Cette rétrogradation s’accompagne d’une décomposition. Le parti Les Républicains (LR) ressemble maintenant à l’Allemagne d’avant Bismarck : une juxtaposition de moyens ou petits royaumes, de principautés ambitieuses, de duchés autonomes. Xavier Bertrand, le meilleur tacticien, le laboureur le plus méthodique, a choisi l’indépendance. Valérie Pécresse, présidente de la plus riche région de France, une personnalité ambitieuse et cohérente, vient à son tour de claquer la porte à un moment étrange mais très révélateur du processus de décomposition. Les juppéistes ont rejoint depuis belle lurette Emmanuel Macron sous la houlette d’Edouard Philippe, un Premier ministre qui s’affirme, avec Jean-Pierre Raffarin en flanc-garde habile et influant. François Baroin, le plus populaire de ceux qui demeurent au sein de LR, sans doute le gaullo-chiraquien le plus authentique, règne en souverain aimable sur son apanage de l’Association des maires de France. Bruno Retailleau, le conservateur le plus structuré et le plus intellectuel, a repris le microparti de Fillon. Gérard Larcher manœuvre et infléchit depuis sa citadelle du Sénat avec une subtilité opaque. Laurent Wauquiez découronné se replie dans son donjon d’Auvergne - Rhône-Alpes. Ce n’est plus un parti mais une marqueterie ou un patchwork.

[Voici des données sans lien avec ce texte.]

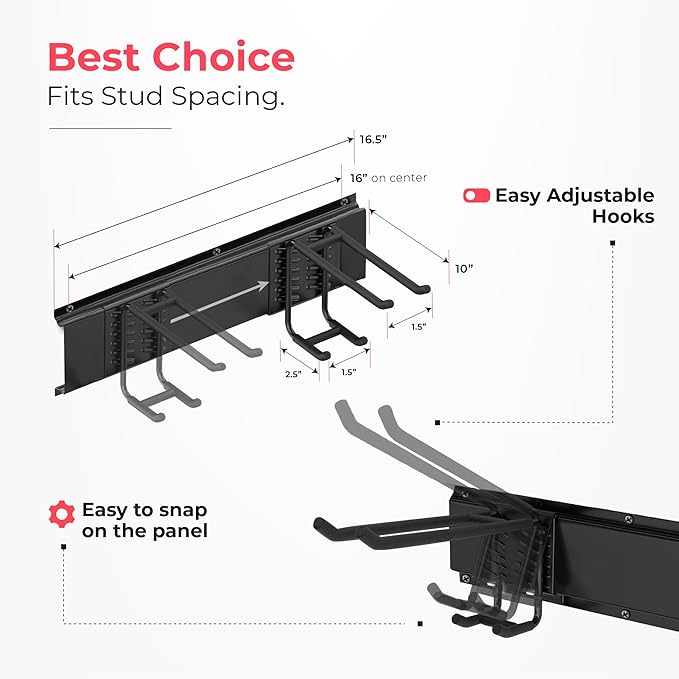 Garage Wall Organizer | 32" Heavy-Duty Tool Storage Rack | Adjustable - Image 3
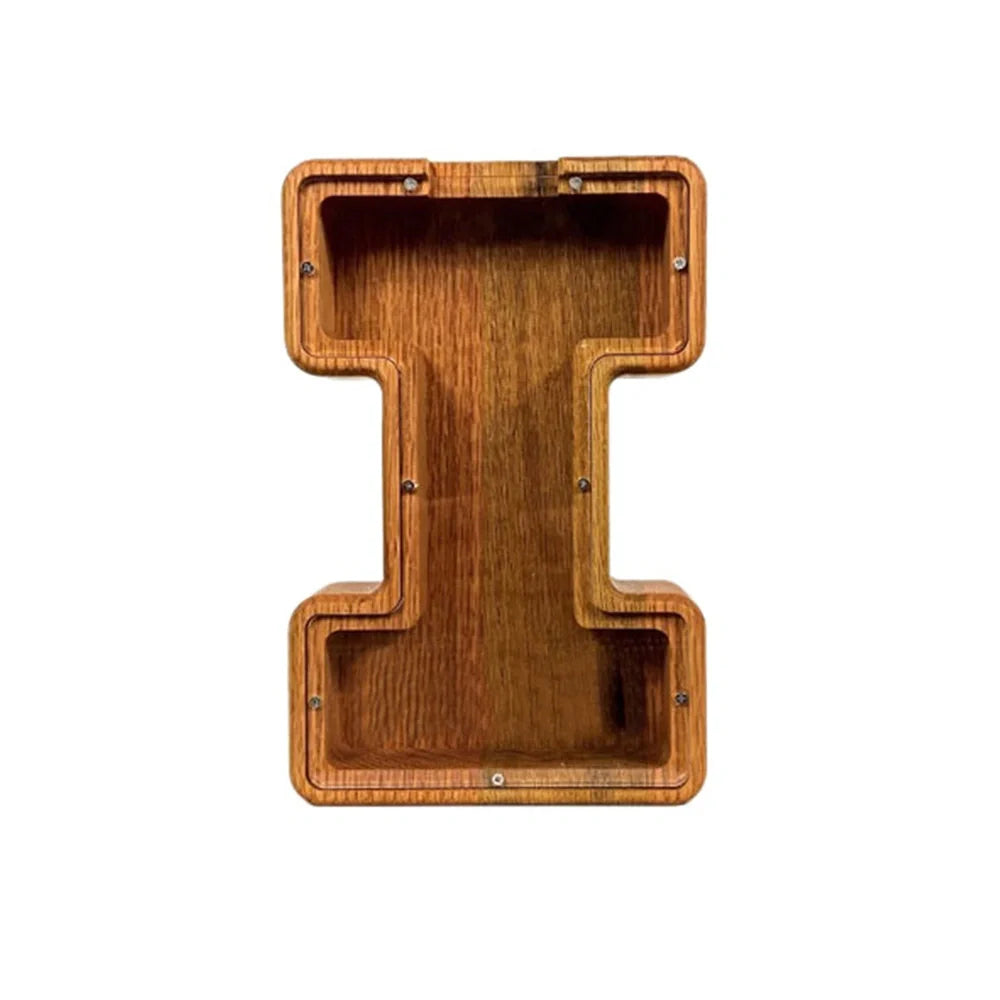 Handmade wooden letter piggy bank with personalised initial, showing 15cm height and 5cm coin slot for UK coins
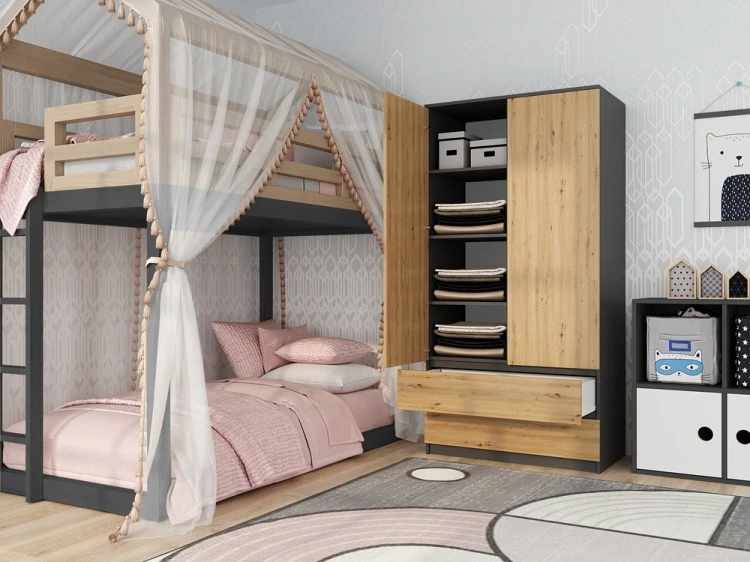 Szafa Malwa SS-90 dwudrzwiowa z szufladami 90 cm antracyt/dąb artisan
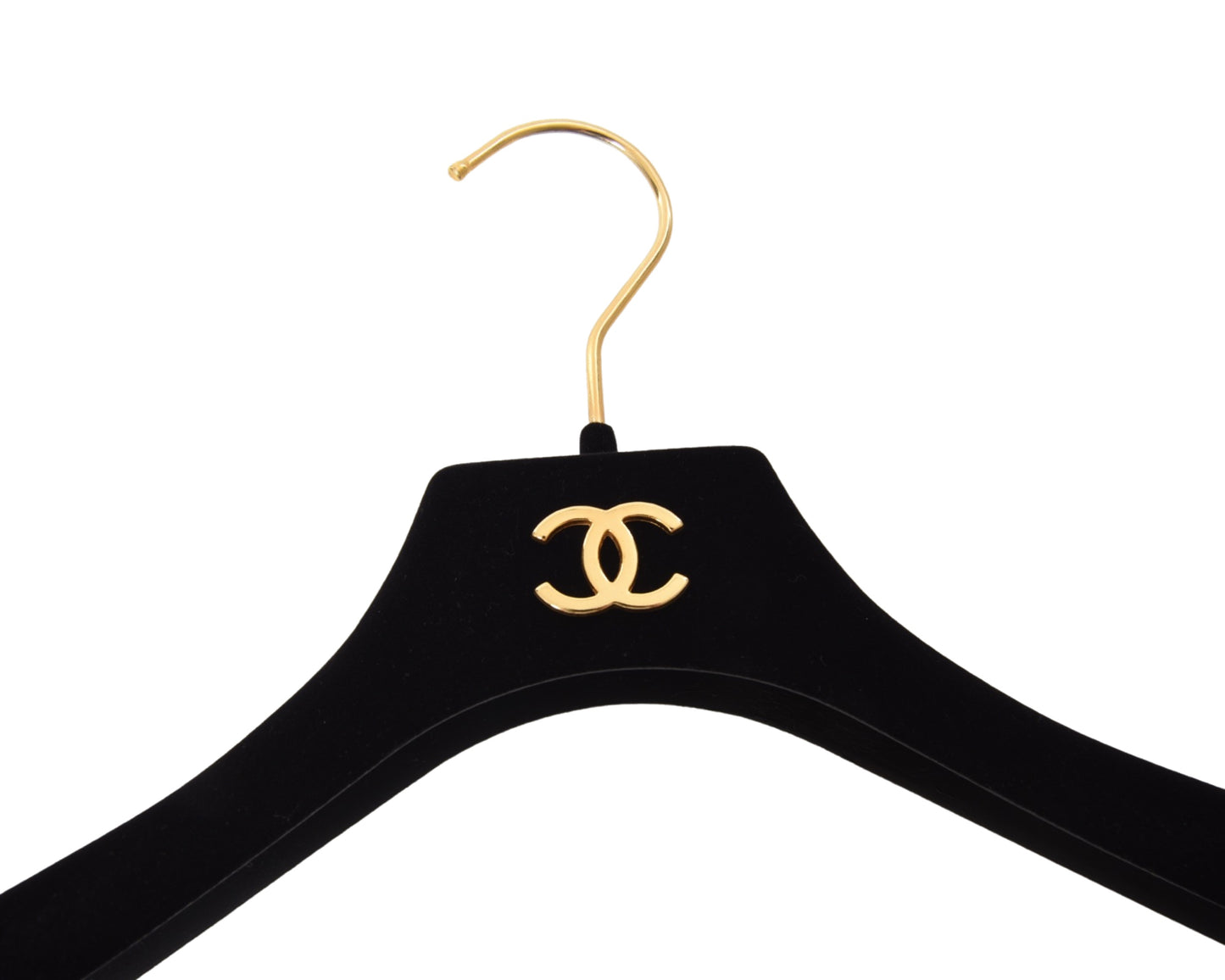 Chanel Coco Clothing Suit Hanger Black Gold Velvet Vintage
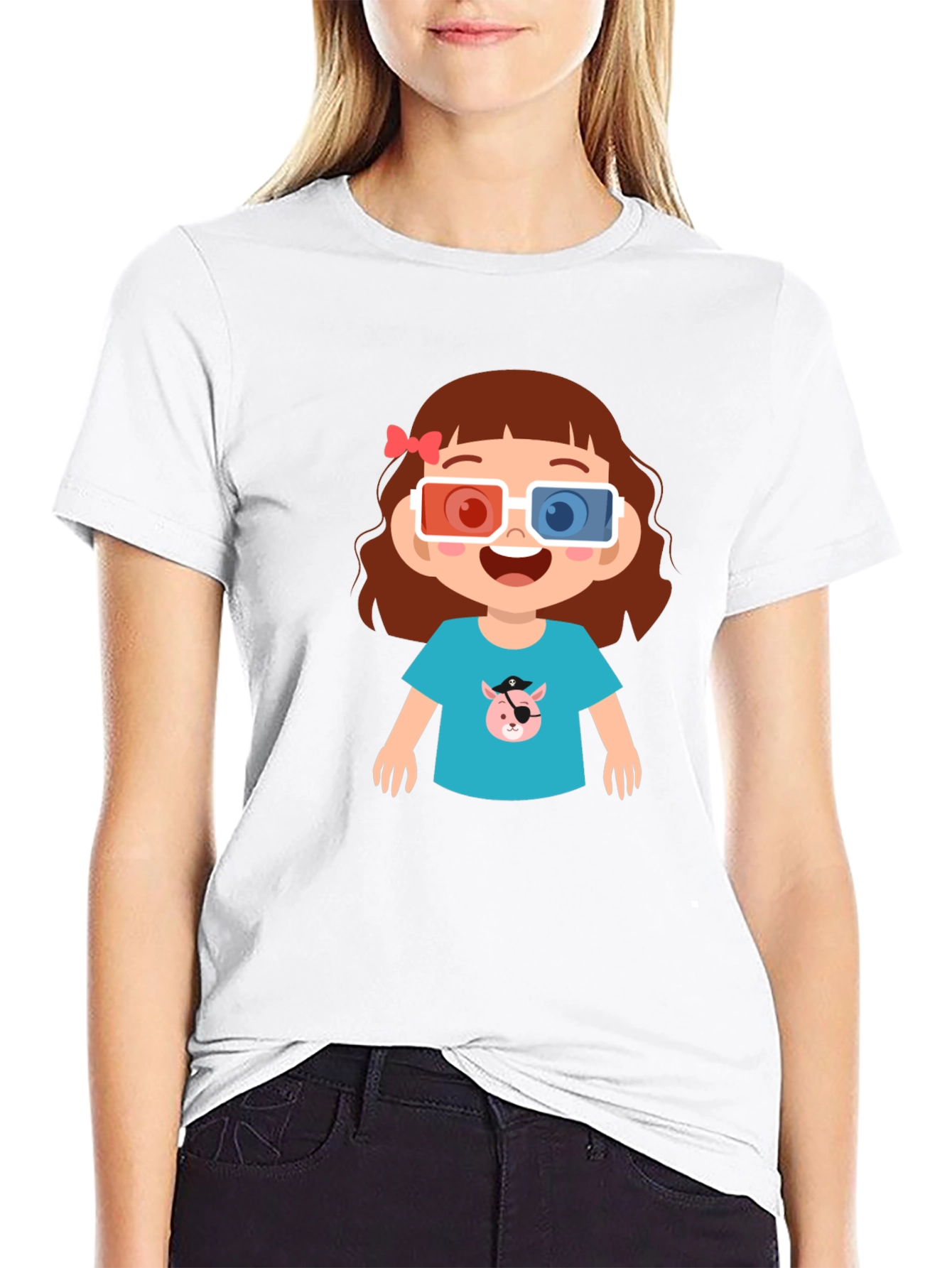 Black Cute Cartoon Girl 3D Glasses Black T-Shirt view 9
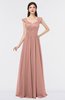 ColsBM Heidi Light Coral Elegant A-line Square Sleeveless Lace Bridesmaid Dresses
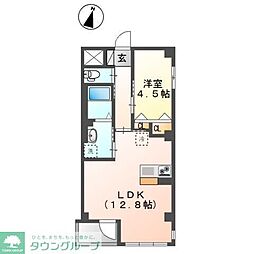 レガリア扇B棟 1LDKの間取図画像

Comment en est arrivé là un parti qui fut longtemps hégémonique puis si robuste et si influent ? Parce que le socle idéologique et historique du gaullisme s’est progressivement fané. Parce que la confiance s’est brisée sur les psychodrames de l’affrontement sanglant entre François Fillon et Jean-François Copé, puis de la campagne accablante de François Fillon. Parce que les méthodes d’organisation, la mécanique partisane du gaullisme sont aujourd’hui caduques. Parce que LR est devenu un parti conservateur malheureux de sa mutation, nostalgique de ce qu’il fut. Parce que Laurent Wauquiez l’a replié sur une base absurdement exiguë, effaçant du lointain héritage gaulliste le principe cardinal du rassemblement et le sens de l’intérêt national au bénéfice d’un sectarisme pavlovien. Cette dégradation n’est pas une bonne nouvelle pour la démocratie. Outre qu’elle entrebâille la porte du pouvoir pour le Rassemblement national - Marine Le Pen en Salvini, le cauchemar -, elle stérilise tout une partie de l’électorat, elle émiette la droite classique, elle oublie la droite gaulliste, d’une certaine façon elle désacralise une famille politique ancienne et respectable, elle écaille et elle banalise.

Les élections municipales de l’an prochain lui offrent une occasion de reprendre pied. Les départementales et régionales de l’année suivante peuvent lui permettre d’afficher une figure cicatrisée. Après tout, LR reste de loin le parti le mieux enraciné localement, à l’échelle régionale, départementale et municipale. Encore faut-il que d’ici là elle ait choisi, ce sera en octobre, un chef de file crédible et marquant et non pas un prétendant à l’élection présidentielle. Encore faut-il que ce futur secrétaire général ou président soit un rassembleur et non pas un sniper, et qu’il sache présenter LR comme de nouveau un parti de gouvernement et non plus un robot mitrailleur. Encore faut-il que s’impose ensuite un présidentiable d’envergure dont le visage n’est en tout cas pas identifiable aujourd’hui. Encore faut-il que la lourde opération séduction de La République en marche n’accentue pas la désagrégation qui menace. La scène politique française actuelle ressemble à une fourmilière affolée. Les Républicains n’en sont pas les seules victimes mais ils apparaissent comme les seuls dépourvus d’alliés potentiels, sauf à passer un jour avec le Rassemblement national un pacte faustien dont ils seraient forcément les victimes.